• _DATA PROVIDED_:
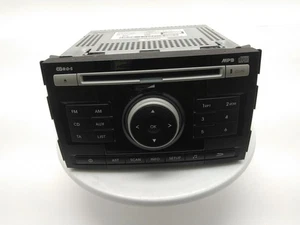 KIA VENGA Radio/CD/Stereo Head Unit 2010-2019 5 Door Hatchback 961601P000 - Picture 1 of 5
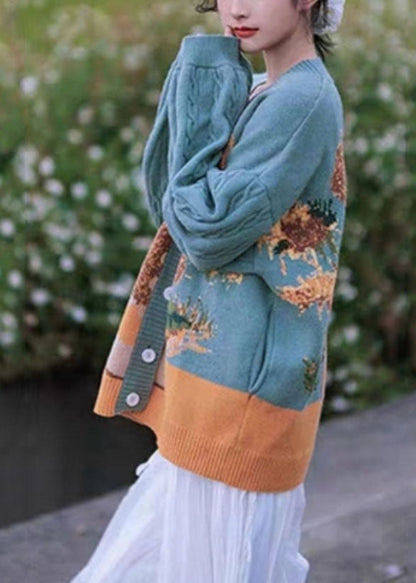 Beautifully Crafted Sweater in a Classic Style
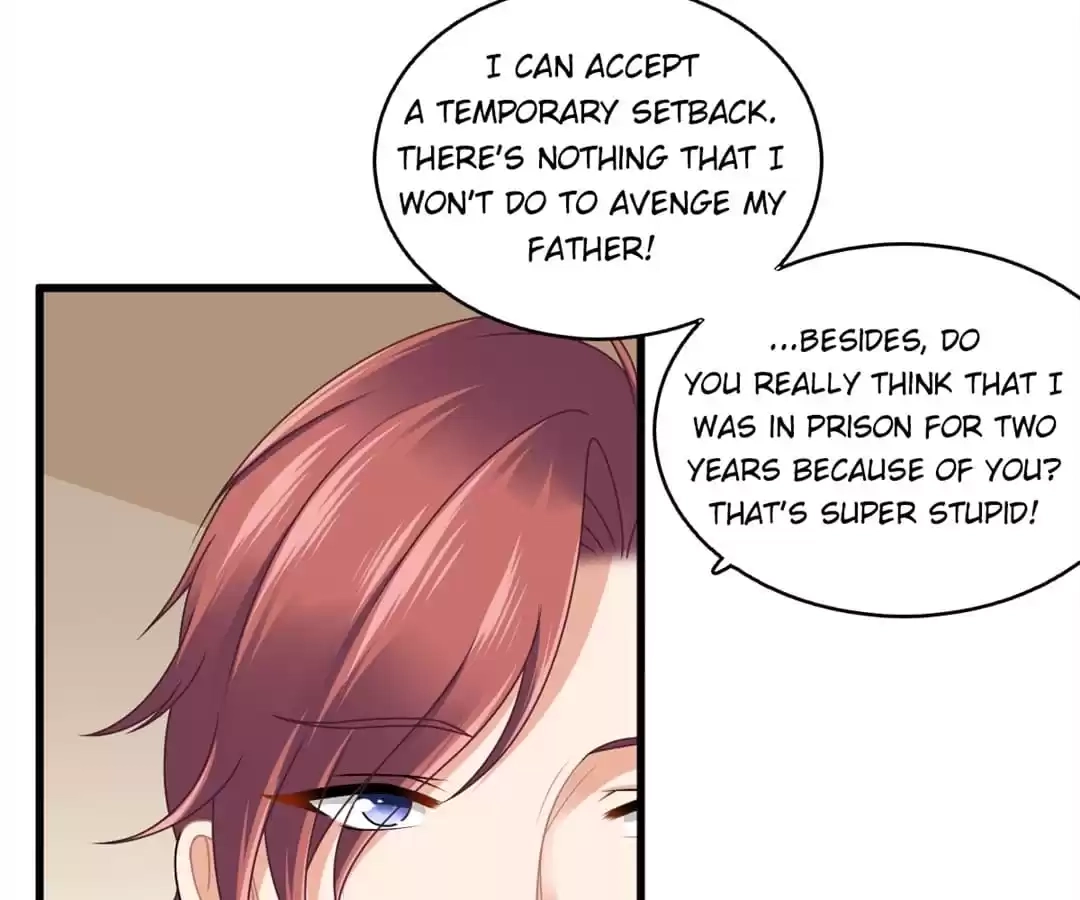Read The Vengeance chapter 182 image 32 on Lezhin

• _WHAT YOU ARE ASKED TO DO_:
With all pictures omitted, return the lines from the line containing "Beautifully Crafted Sweater" through the closing line of the listing above, exactly and inclusive.

• _ANSWER TO THE PROBLEM_:
 Beautifully Crafted Sweater in a Classic Style
Read The Vengeance chapter 182 image 32 on Lezhin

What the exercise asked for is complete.